I’m joking of course. Yet to be honest with you I never cared much for acronyms used on a regular basis. Those who make use of them have always seemed to me to be a little pretentious and whenever I hear people making a large use of acronyms I always think that they don’t really give much importance to the effect that their choice of words will have on their audience.
But, be that as it may, one cannot deny that our job is fraught with acronyms that identify tasks and functions. We have PM for Project Manager, to start with the most obvious one. Then we have TEP for Translation, Editing and Proofing, possibly the most common set of tasks for a translator. We have LSO, which stands for Language Sign-Off, and which is a kind of proofing whereby the translator reviews and then endorses the linguistic quality of a translated text. Among the most recent ones we’ve learnt are PLP, which also refers to a kind of proofing, but unfortunately we’ve not worked out the exact meaning (or it was simply forgotten) and now we simply perform PLP without asking too many questions.

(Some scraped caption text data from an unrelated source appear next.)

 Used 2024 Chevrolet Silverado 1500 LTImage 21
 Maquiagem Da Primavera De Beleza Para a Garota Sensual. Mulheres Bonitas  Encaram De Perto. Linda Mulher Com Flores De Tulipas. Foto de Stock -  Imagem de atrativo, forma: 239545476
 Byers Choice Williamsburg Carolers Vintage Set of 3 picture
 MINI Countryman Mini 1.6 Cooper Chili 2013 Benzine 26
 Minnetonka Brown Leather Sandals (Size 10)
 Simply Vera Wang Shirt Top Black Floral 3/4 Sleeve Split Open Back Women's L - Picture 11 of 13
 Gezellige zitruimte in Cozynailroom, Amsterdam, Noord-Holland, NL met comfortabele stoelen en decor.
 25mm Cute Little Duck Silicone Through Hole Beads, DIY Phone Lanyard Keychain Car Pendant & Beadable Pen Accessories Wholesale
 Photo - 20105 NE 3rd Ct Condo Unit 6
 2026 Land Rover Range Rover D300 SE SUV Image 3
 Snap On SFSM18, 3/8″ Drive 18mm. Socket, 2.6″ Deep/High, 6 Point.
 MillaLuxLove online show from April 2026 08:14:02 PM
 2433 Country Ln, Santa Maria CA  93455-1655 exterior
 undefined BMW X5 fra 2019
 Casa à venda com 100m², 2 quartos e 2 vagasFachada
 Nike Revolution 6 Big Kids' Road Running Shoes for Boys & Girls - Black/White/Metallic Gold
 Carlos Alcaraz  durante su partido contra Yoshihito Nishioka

The very latest one is TAT, which stands very aptly for Turn Around Time, a very nice and very important latest addition to our list of localization acronyms.
There are others of course, many others, though sometimes and for some of them I find it hard to make out whether they have been made up and spread by a single client or whether they are indeed widely used in the business.
Yet at the end of the day, this massive use of acronyms does nothing to advance clarity of purpose while it does, in fact, make you feel that it is sometimes more important to know what a few initials stand for than to perform a task that somebody else is asking you to perform.